**Collected data**
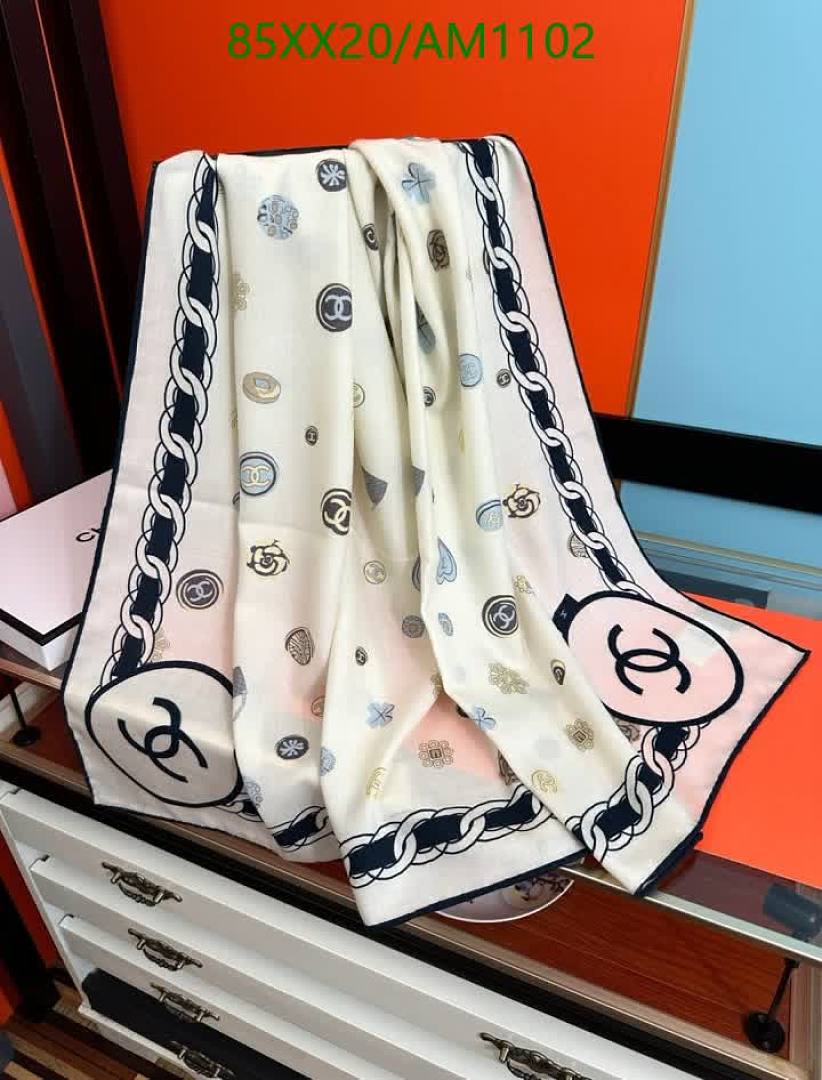 Chanel-Scarves Code: AM1102 $: 85USD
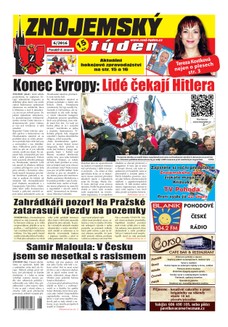 Znojemský týden 6/2016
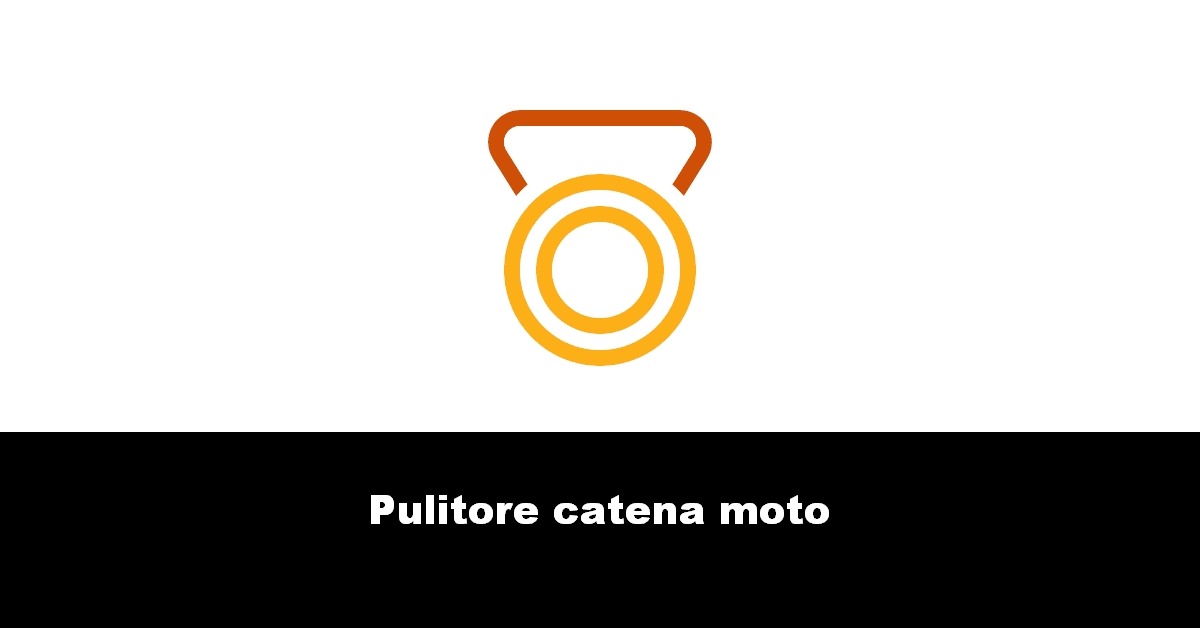 Pulitore catena moto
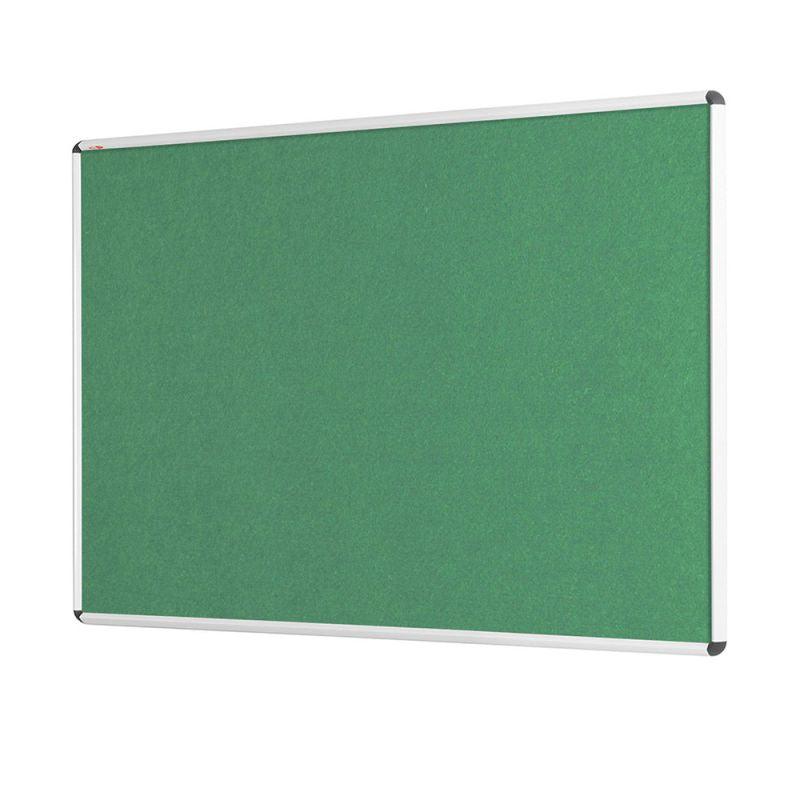 Shield Resist-a-Flame Eco-Colour Noticeboards (White Frame)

**Exercise goal**
Copy the material shown above in full and exactly. Skip the pictures.

**Exercise answer**
 Chanel-Scarves Code: AM1102 $: 85USD
 Znojemský týden 6/2016
 Pulitore catena moto
 Shield Resist-a-Flame Eco-Colour Noticeboards (White Frame)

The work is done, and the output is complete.